Ibotta originally filed with the Securities and Exchange Commission on March 22, right after the successful IPOs of the Astera Labs and Reddit, but it wasn’t until Monday that the firm provided details. The amended S-1 shows it will release more than 5.6 million shares that range from $76 to $84. Most of those will be coming from current stockholders, with only 2.5 million part of Ibotta’s offering.
Those roughly 5.6 million represent almost 21% of all shares. With 27,221,509 outstanding, pricing at the top of the range would put Ibotta’s valuation around $2.28 billion, meaning the IPO could generate as much as $472.5 million.
While Walmart holds 2.7 million shares, the biggest venture partner is Koch Disruptive Technologies, the investment arm of Koch holdings, with around 4.8 million. KDT led Ibotta’s 2019 series D funding round, which at the time valued the company around $1 billion.
When it comes to who controls Ibotta, two of the three major VCs—Walmart and Clark Jermoluk Founders Fund—said they aren’t selling any shares, and Koch Industries is just giving up just under 5% of its current 20% voting rights. Leach is putting up just 531,000 of his 4.26 million shares and will retain almost 70% control.
The Denver-based company, which will trade on the NYSE under IBTA, achieved profitability last year while generating $320 million in revenue. In a letter accompanying the filing, CEO Bryan Leach noted how Ibotta began just 12 years ago “in the windowless basement of an old fire station in downtown Denver.”

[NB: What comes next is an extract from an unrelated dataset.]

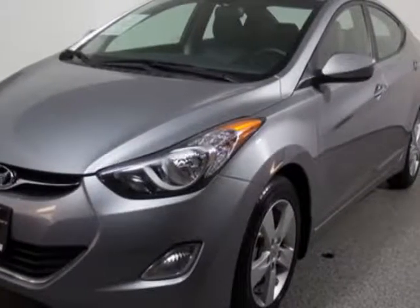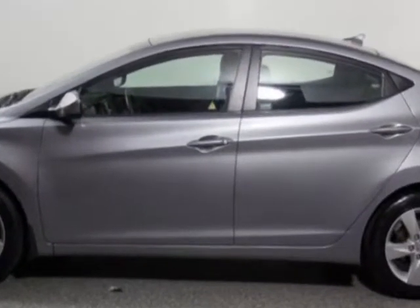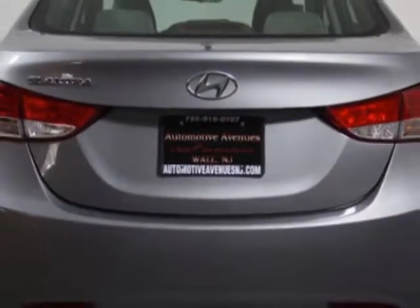Look at this 2013 Hyundai Elantra. Carfax has certified this Elantra as having one owner. This Elantra has just under 36,000 miles. For your protection, this vehicle has a factory warranty.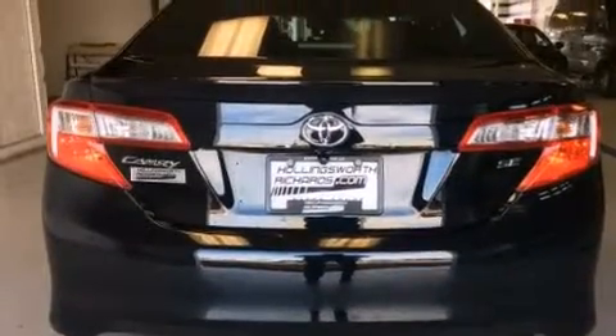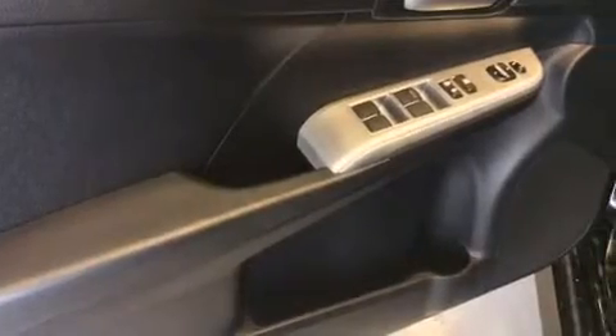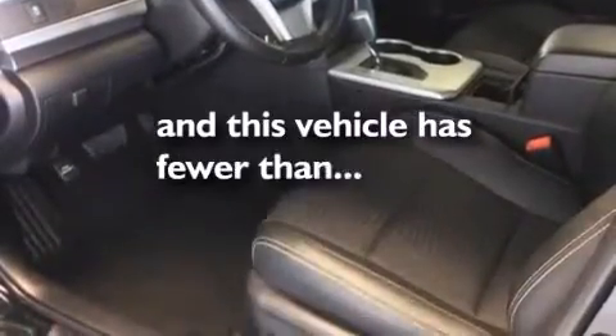Latch-ready child seat anchors, rear seat childproof door locks, a collapsible steering column, a pass-through rear seat, and this vehicle has less than 30,000 miles.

“Our capital-light business has allowed us to grow rapidly while increasing profitability over time and capturing the benefits of a multi-sided network,” he added.
Ibotta’s platform lets consumer brands market promotions and rebates. Among the 2,400 brands that use Ibotta are Coca-Cola and Pepsi, Campbell Soup, Kraft Heinz, and General Mills. In 2021, the company entered into a partnership with Walmart to showcase its digital promotions.
“The fact that [Ibotta] has become, with Walmart, more of an enterprise software play, basically being the back-end for its Walmart cash rewards program, that lends more credence to it,” Nicholas Smith, an analyst with Renaissance Capital, which provides pre-IPO research and manages two IPO-focused ETFs, recently told TechCrunch.